Reproduce the whole of the records exactly, and make sure no picture is carried into the result.

◆ ◆ ◆ ◆ ◆ ◆ ◆

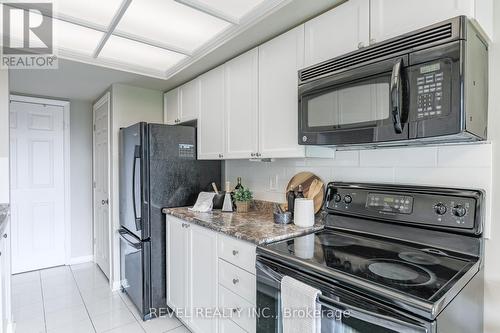 102 - 50 Rivermill Boulevard, Kawartha Lakes (Lindsay), ON - Indoor Photo Showing Kitchen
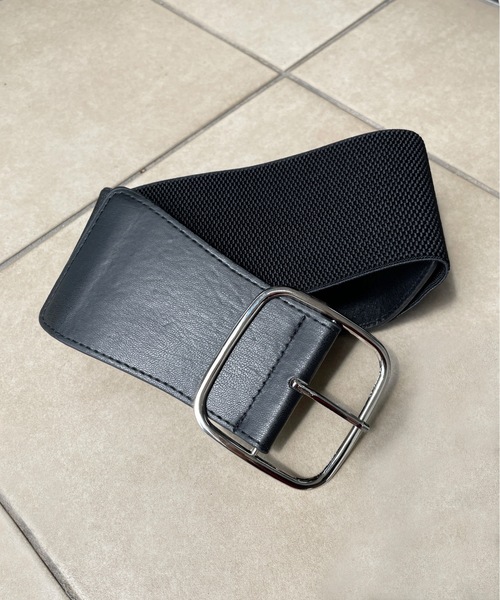 one wayザッカ（ワンウェイザッカ）の「スクエアバックル太ベルト（ベルト・レディース・シルバー/ゴールド・FREE）」の3枚目の写真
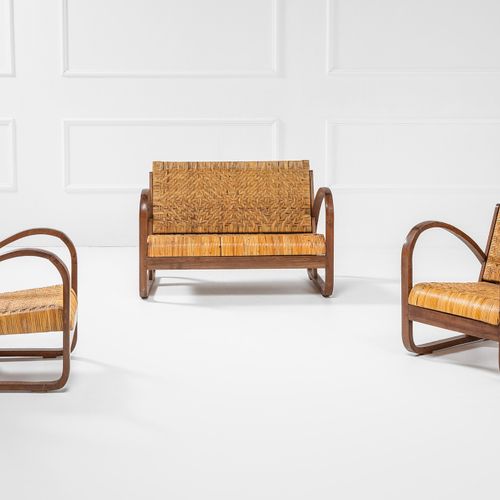 Salotto anni '40 composto da due poltrone e un divano 休息室包括两张扶手椅和一张沙发

实木，柳条。

1&hellip;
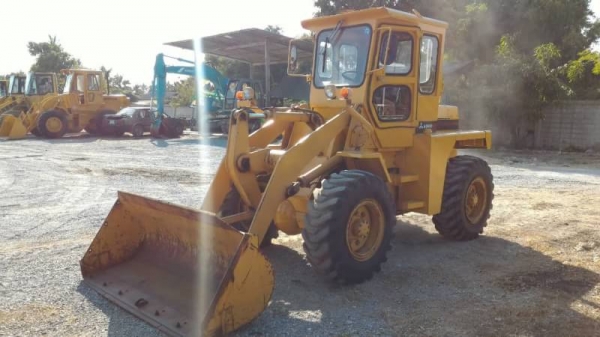 Mitsubishi WS 400 เทียบเท่า 507 นำเข้าจากญี่ปุ่น สวยน่าใช้ คล่องตัว โทร.090-986-2521 อ๊อบ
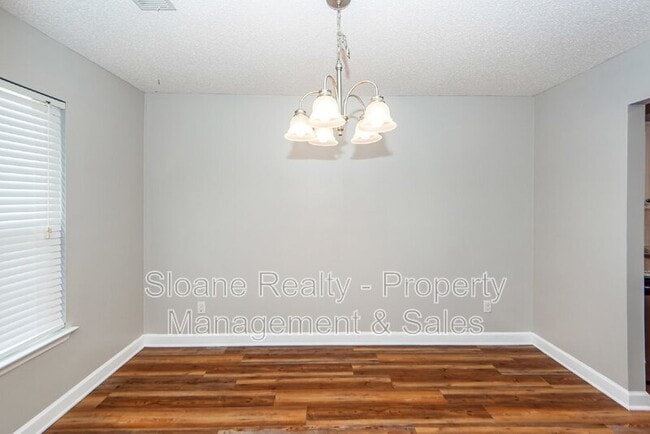 Building Photo - 1307 Apex Ln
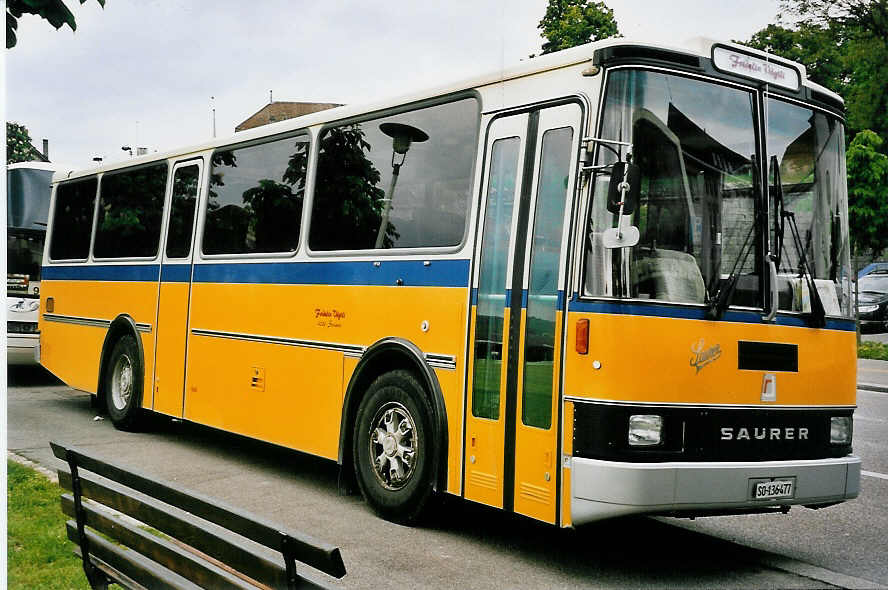 (053'407) - V�gtli F., Seewen - Nr. 136'477 - Saurer/R&J (ex Schmocker, Beatenberg Nr. 1) am 18. Mai 2002 in Solothurn, Baseltor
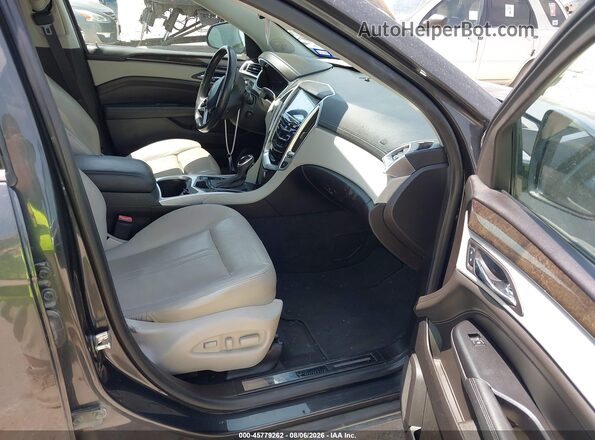 3GYFNCE38GS519326 2016 CADILLAC SRX Pewter Вид салона спереди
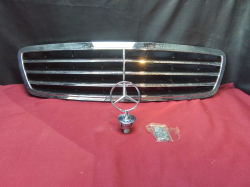 Front Grille Mercedes Ben and Logo.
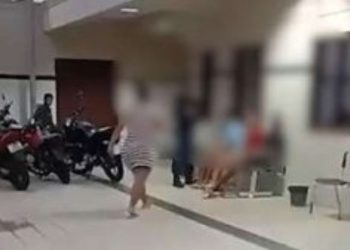 Mãe encontra o filho apreendido em delegacia e parte para agressão; veja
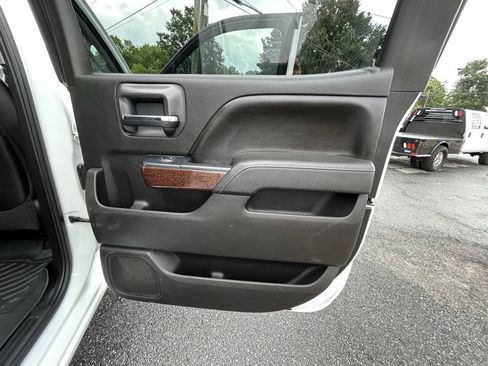 Used 2015 GMC Sierra 3500 SLT w/ Duramax Plus Package AWD/4WD image 25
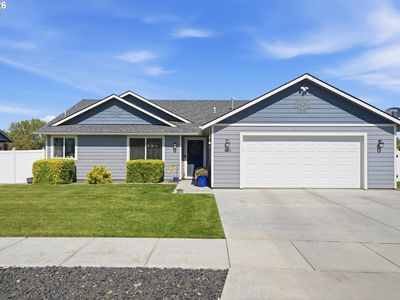 384 SW Cottonwood Dr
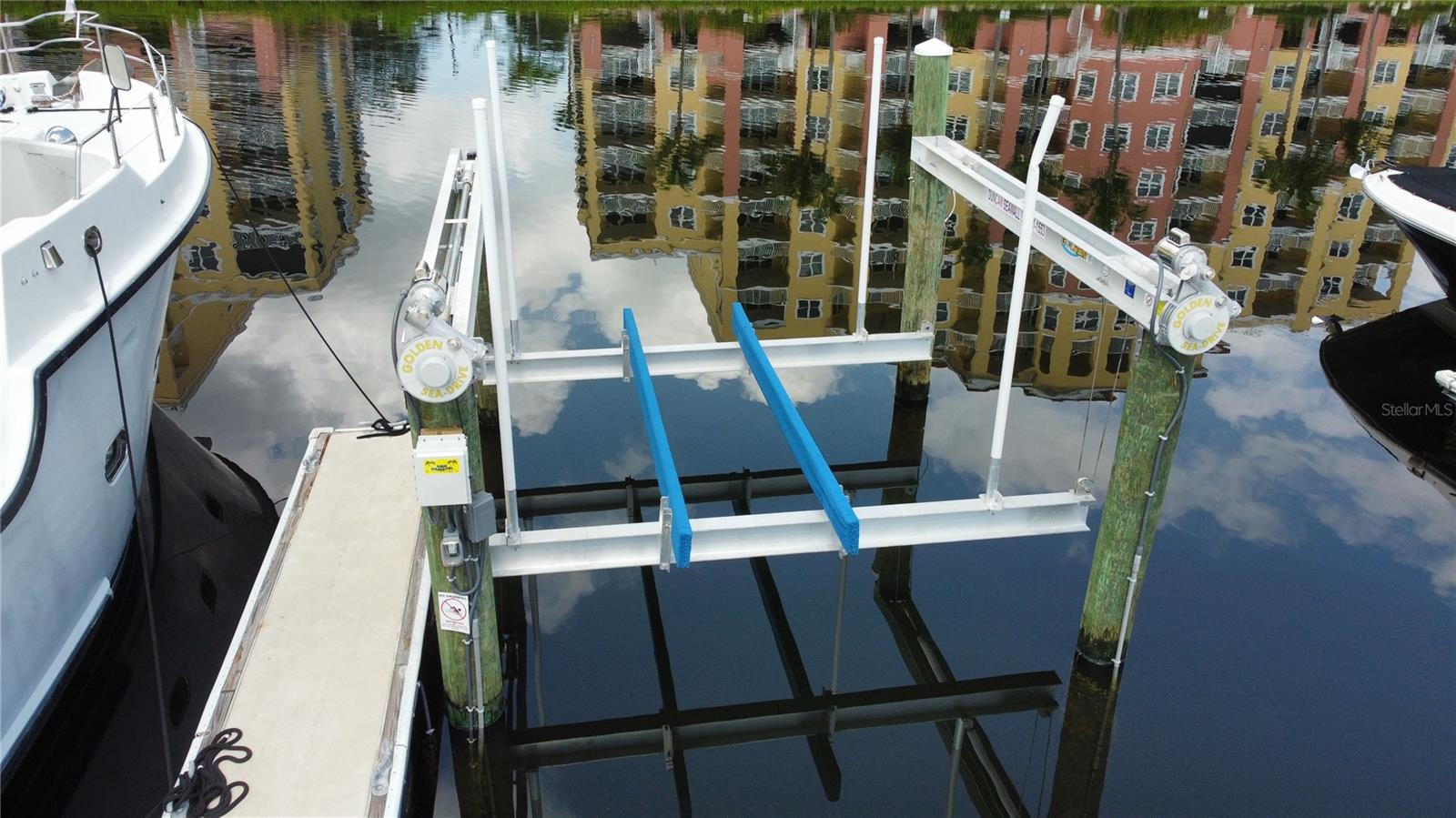 RIVIERA DUNES MARINA - Residential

◆ ◆ ◆ ◆ ◆ ◆ ◆

WRITTEN RESPONSE:
 102 - 50 Rivermill Boulevard, Kawartha Lakes (Lindsay), ON - Indoor Photo Showing Kitchen
 one wayザッカ（ワンウェイザッカ）の「スクエアバックル太ベルト（ベルト・レディース・シルバー/ゴールド・FREE）」の3枚目の写真
 Salotto anni '40 composto da due poltrone e un divano 休息室包括两张扶手椅和一张沙发

实木，柳条。

1&hellip;
 Mitsubishi WS 400 เทียบเท่า 507 นำเข้าจากญี่ปุ่น สวยน่าใช้ คล่องตัว โทร.090-986-2521 อ๊อบ
 Building Photo - 1307 Apex Ln
 (053'407) - V�gtli F., Seewen - Nr. 136'477 - Saurer/R&J (ex Schmocker, Beatenberg Nr. 1) am 18. Mai 2002 in Solothurn, Baseltor
 3GYFNCE38GS519326 2016 CADILLAC SRX Pewter Вид салона спереди
 Front Grille Mercedes Ben and Logo.
 Mãe encontra o filho apreendido em delegacia e parte para agressão; veja
 Used 2015 GMC Sierra 3500 SLT w/ Duramax Plus Package AWD/4WD image 25
 384 SW Cottonwood Dr
 RIVIERA DUNES MARINA - Residential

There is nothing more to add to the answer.